Transat v. Group Mach: what’s the score?Yvan Allaire | Financial Post
Mergers and acquisitions are well-choreographed ballets. Both companies call on financial and legal advisers. The board of the target company sets up an independent committee, which promptly retains its own independent legal and financial advisers. Financial advisers produce an opinion letter assuring all and sundry that the price offered is a fair one for the target company’s shareholders. Both boards approve the transaction, which is then submitted to a vote of the target company’s shareholders.
The Air Canada acquisition of Transat followed the guidebook to the letter. The only step remaining is set to occur on August 23rd when, at a special meeting, shareholders holding at least two-thirds of Transat’s class B shares are expected to vote in favour of the transaction as per the recommendation of Transat’s board of directors.
But Group Mach, a Quebec-based real-estate investor and operator, is trying to throw a monkey-wrench in this well-oiled mechanics (or, not to mix metaphors, to trip the ballerina). The group has come up with an unusual maneuver in an attempt to block the transaction. They are proposing that shareholders (representing at least 19.5% of class B shares) transfer their voting rights to Mach in exchange for a promise of $14 a share (as compared to the $13 offered by Air Canada).
That promise is highly contingent. If Mach does not receive at least 19.5% of the shares, it will simply return the shares to their owners. If Mach does receive the requisite number of shares but somehow the transaction still gets more than 66.6% of votes supporting it, then again Mach’s offer is moot and the shares tended to them will simply be returned to their owners.
If this stratagem seems too clever by half, well it is. Shareholders are asked to transfer their voting rights in exchange for an iffy promise of a $1 gain above the Air Canada offer. Yet, it creates a “prisoner’s dilemma situation” for shareholders of Transat: if one believes that other large shareholders may also reject the transaction, thus blocking it, better get in the $14 safety boat as the Transat’s stock price will drop precipitously on August 24th. (But if the number of shares tended exceed the 19.5%, only a proportional number of shares will be bought by Mach).

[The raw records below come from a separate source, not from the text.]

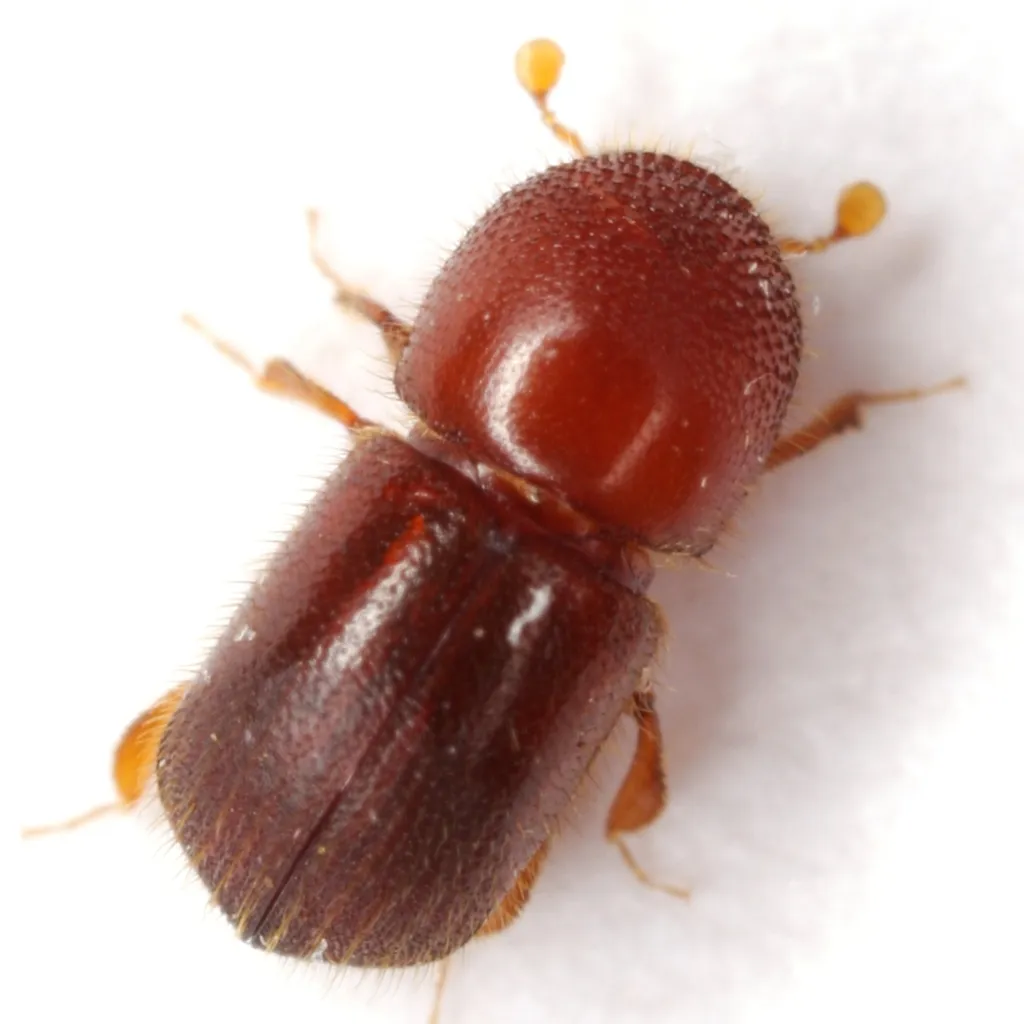 Xylosandrus crassiusculus - photo 2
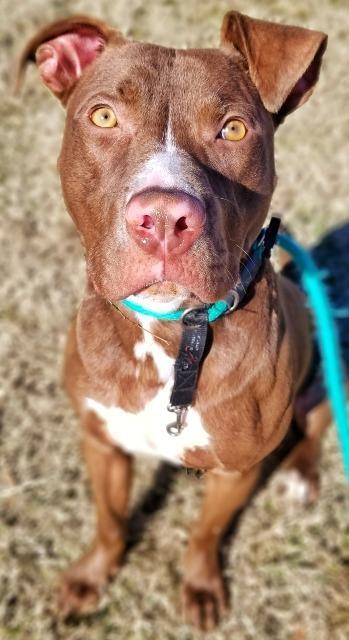 Hope, Adoptable, Senior Female Mixed Breed & Terrier.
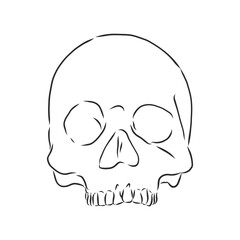 Hand painting of human skull. human skull, vector sketch illustration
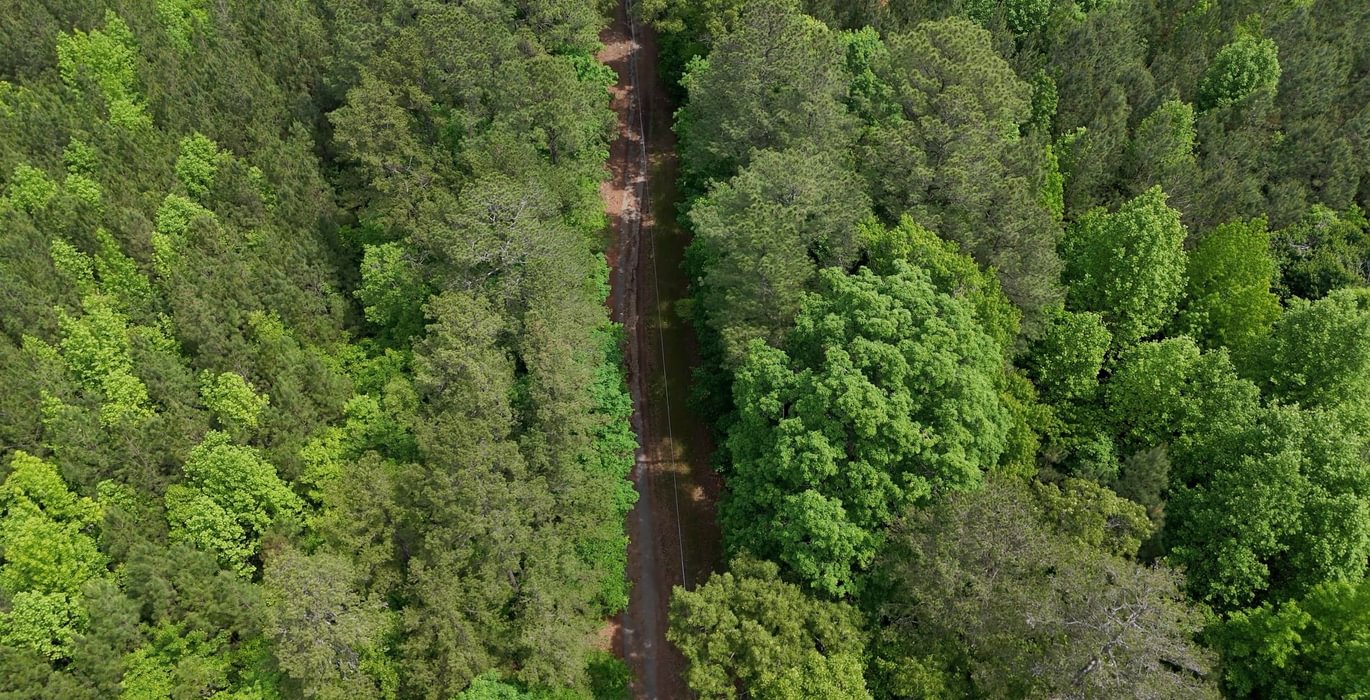 286 Mc Call Capelsie 3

Indeed if the move is successful in blocking the transaction Transat’s share price will quickly drop to what it was before the prospective acquisition became public and perhaps even lower as Transat has been announcing bad news ever since. It is unclear how Group Mach would turn around the situation and bring back the stock price. They state rather vaguely: “Mach intends to work with other stakeholders and shareholders to advocate for improved corporate governance, management accountability and financial performance at Transat, with a view to maximizing returns for Transat shareholders.”

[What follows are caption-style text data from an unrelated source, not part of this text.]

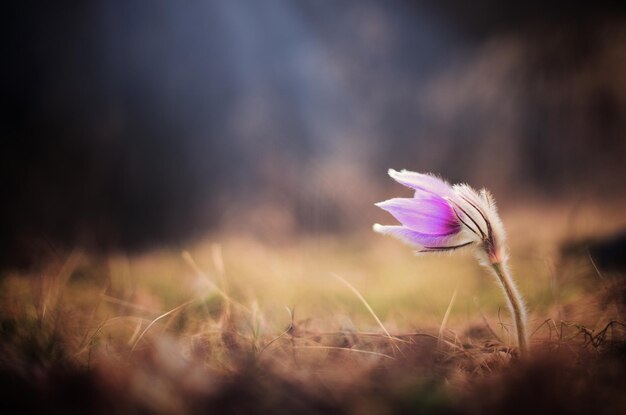 Pulsatilla grandis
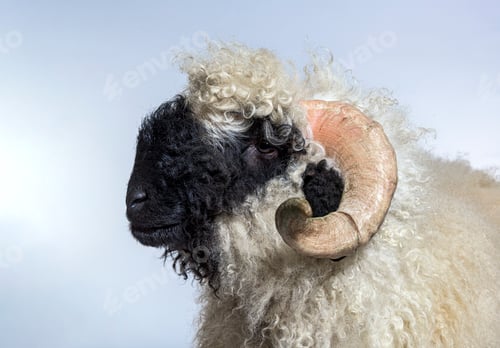 Preview: Portrait side view of adulte Valais Black nose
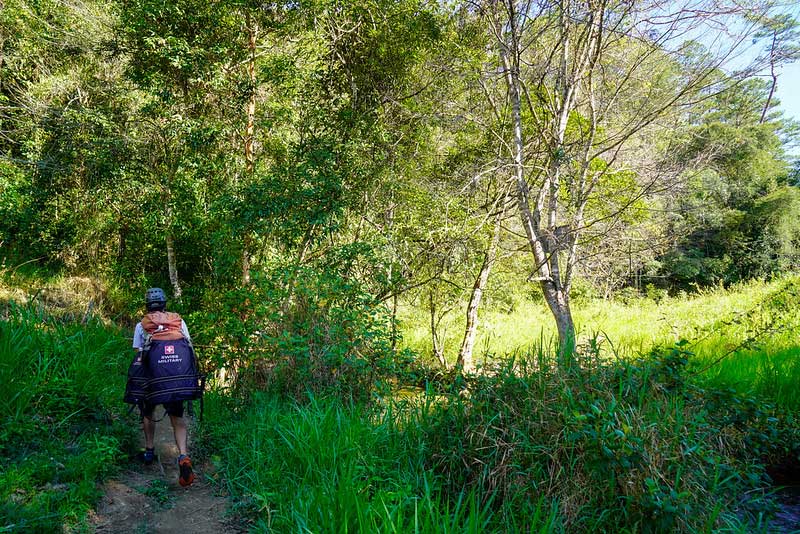 Jungle hike in the south of Dalat
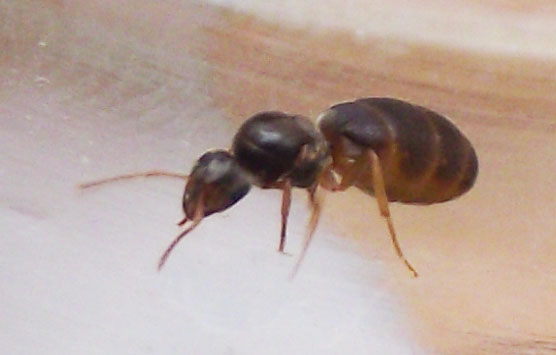 DSCF3771.JPG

Of course one may wish that Transat had continued as an independent operator providing some needed competition to Air Canada. Mach pushes the argument that with their offer one gets cash right away while the Air Canada transaction will not close until 2020 and hints at competition hurdles with regulatory authorities.
So shareholders may favour the transaction with Air Canada but fear that it will be blocked thus motivating them to accept the Mach offer. If a large number of shares, much more than 19.5%, were tended, the $14 offer would apply only to a fraction of their shareholding, the balance would suffer from the ensuing drop in Transat’s share price. Mach’s offer is valid until August 13th. It would be useful if large shareholders of Transat were to announce their voting intentions before that date.
All in all, the Mach proposal is unusual and does put shareholders, particularly small shareholders, in a sort of double-bind; it deserves scrutiny by the securities commissions.
Opinions expressed are strictly those of the author.